Ebru Omurcalı yemeğe meraklı bir aileden geliyor. Bolu ve Rumeli kökenli ailesindeki herkes gibi o da muhteşem yemek yapıyor
Röportaj: Merve Özaytekin
mozaytekin@posta.com.tr
İktisat eğitimini tamamlar tamamlamaz kendi restoranını açmak için kolları sıvıyor. ‘Shorba’ adlı ilk restoranını İstanbul-Ataşehir’de açıyor. Ardından da restoranında yaptığı beğenilen tarifleri kitaplarında topluyor. Ayrıca dünya mutfakları hakkında sürekli araştırma yapıyor. ‘Çorbanın Kitabı’ ve ‘Binbir Gece Sofraları’ hala kitapçılarda en çok ilgi gören yemek kitaplarından. İşletmeci-şef Ebru Omurcalı ile yemek serüveni üzerine kısa bir röportaj yaptık. Ebru Hanım en sevilen tariflerini de bizimle paylaştı.

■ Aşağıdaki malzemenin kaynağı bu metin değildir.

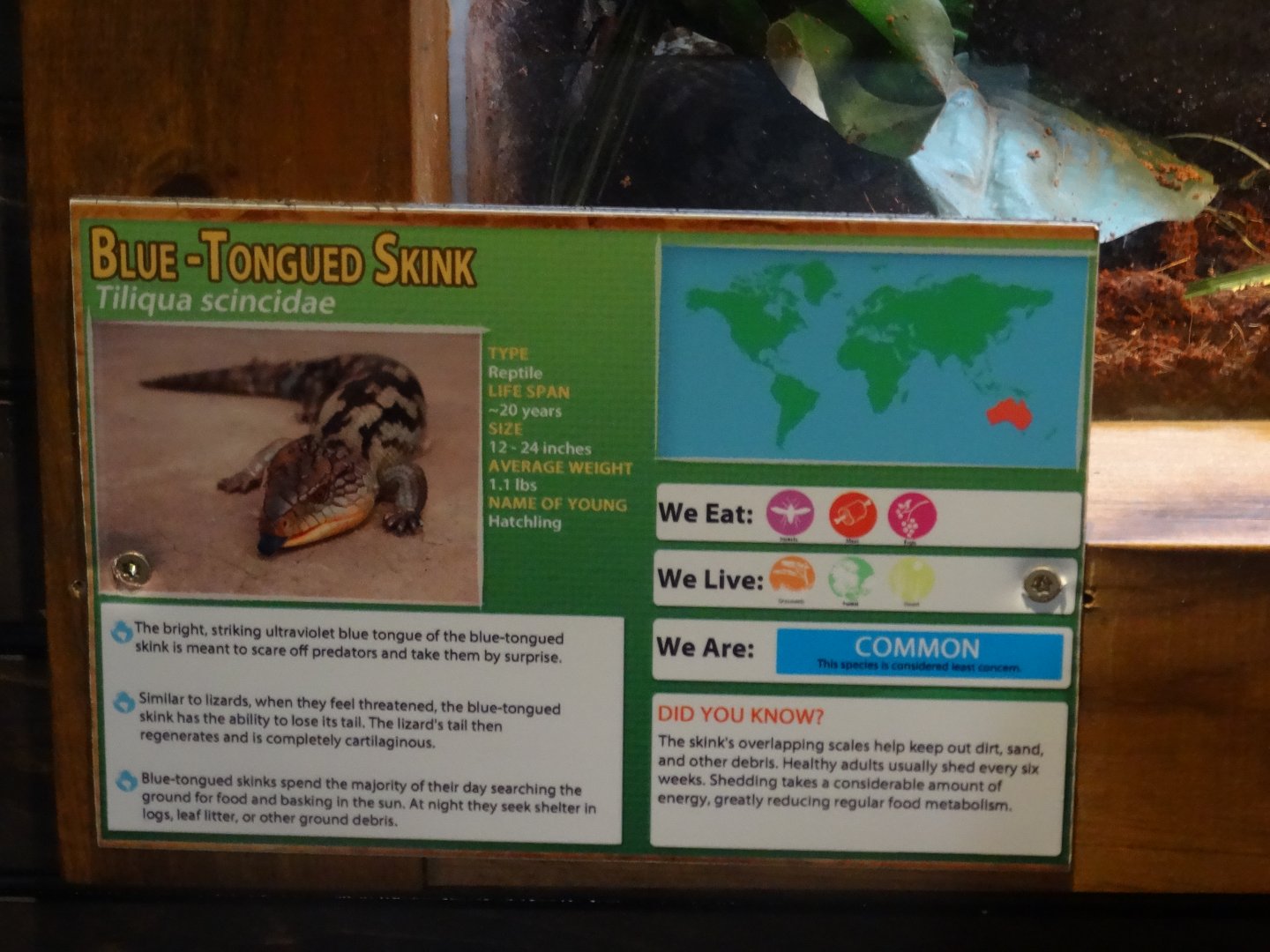 Incorrect Signage- "Tiliqua scincidae"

Nasıl bir çocukluktu sizinki?
Rumeli ve Bolu kökenli bir aileden geliyorum. Benim de çocukluğum Bolu’da geçti. Küçük yaşlarda mutfağa girmeye başladım. Geniş bir ailede büyüdüm. Bu nedenle sofralarımızın kalabalık ve renkli olduğunu çok iyi hatırlıyorum. Çok keyifliydi sofralarımız... Ailemde herkes akşam yemeği için en hünerli tariflerini hazırlardı. Ben de diğerleri gibi mutlaka bir şeyler pişirmeye çalışırdım.

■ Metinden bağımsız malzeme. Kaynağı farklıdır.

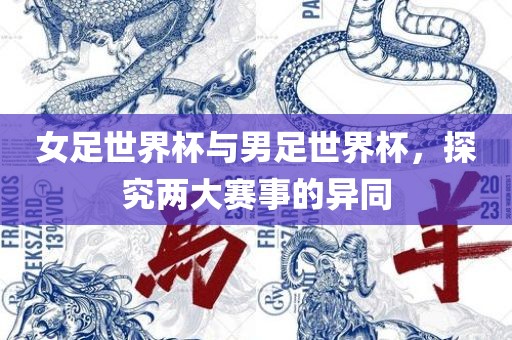 女足世界杯与男足世界杯，探究两大赛事的异同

İlk yaptığınız yemek neydi?
Yemek pişirmenin keyfini çok erken tattım. Pişirdiklerim beğeniliyor, yaşım ufak olmasına rağmen güzel tepkiler alıyordum. İlk yaptığım yemek ileriki yıllarda kitabını hazırladığım çorba idi. Henüz 9 yaşındaydım çorbayı yaptığımda. Annem çok beğendiğini söyledi. Yeni itiraf etti. Meğer sebzeleri çok iyi yıkayamamışım.
Aslında iktisat mezunusunuz. Yemek işini profesyonelliğe dökmeye nasıl karar verdiniz?

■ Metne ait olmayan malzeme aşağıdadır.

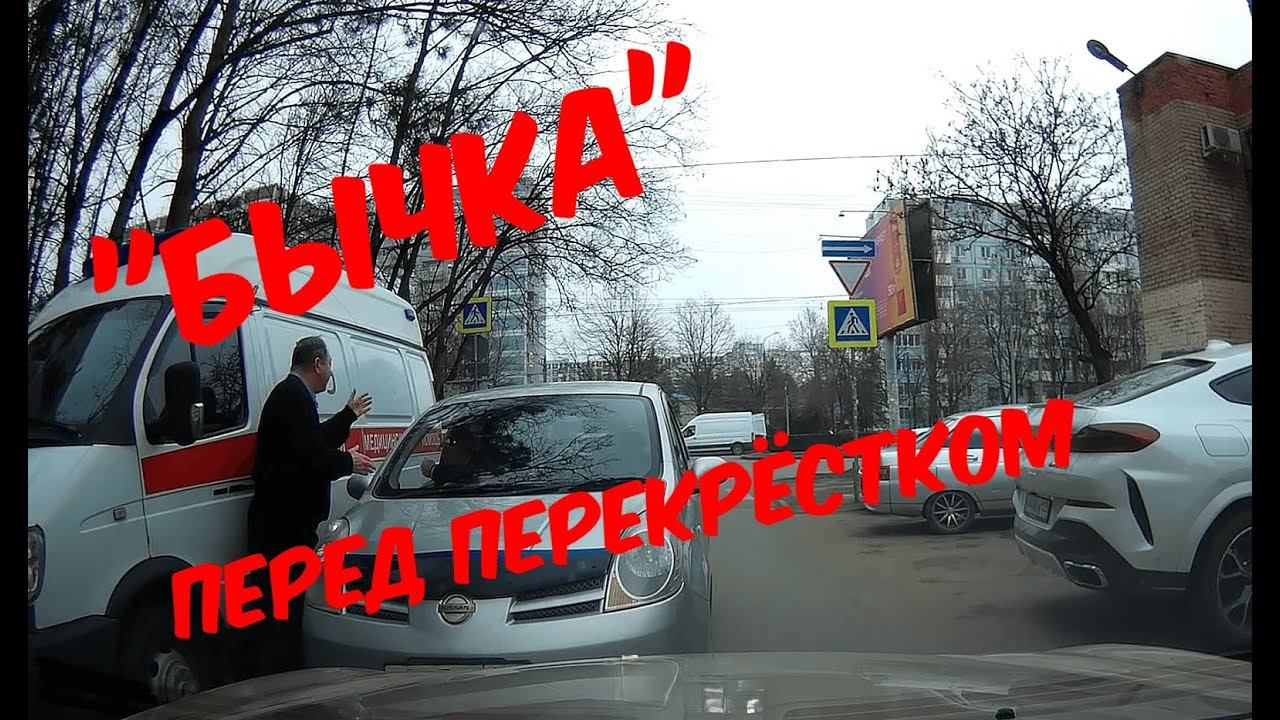 Бычка перед перекрёстком, Краснодар(КМР) - 17.03.2023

Okul sonrası mesleğimi yaptım. Bir taraftan da yemek konusunda eğitimlere katıldım. Her zaman mutfak rahatladığım, kendimi en iyi ifade ettiğim, hayal kurduğum bir alandı benim için. Kendimi 2003’te hazır hissettim. ‘Shorba’ adlı restoranımı Ataşehir’de çok geçmeden açtım. Hayal ettiğim her şey iyi yönde gelişti. Restoranımın sıkı müdavimleri çok geçmeden dostum, arkadaşım oldu. Mesleğimin faydasını da restoranımda gördüm. Kurumsallığı kendi işletmeme yansıttım. Ödün vermeden aynı mantıkla işlerimi yürüttüm. Hem kendi iç disiplinimi, hem de iş arkadaşlarımla olan profesyonel yapıyı geliştirerek inşa ettim. Şanslıyım çünkü en keyif aldığım uğraşımdan para kazanıyorum.
Kitap fikri nasıl doğdu?
Restoranıma gelenler her gün farklı bir çorba ya da yemeğin tadına bakıyorlardı. Benden tarif ve ders almak istiyorlardı. Gelen talepler kitap yazmamı sağladı. Kendimi hazır hissettiğimde hemen ilk yaptığım yemek olan çorba üzerine kitap yazmak istedim. ALFA Yayınları’ndan ‘Çorbanın Kitabı’, ardından hazırlıklarına yıllar önce başladığım ‘Binbir Gece Sofraları’ ve ‘Tatlının Kitabı’nı çıkarttık.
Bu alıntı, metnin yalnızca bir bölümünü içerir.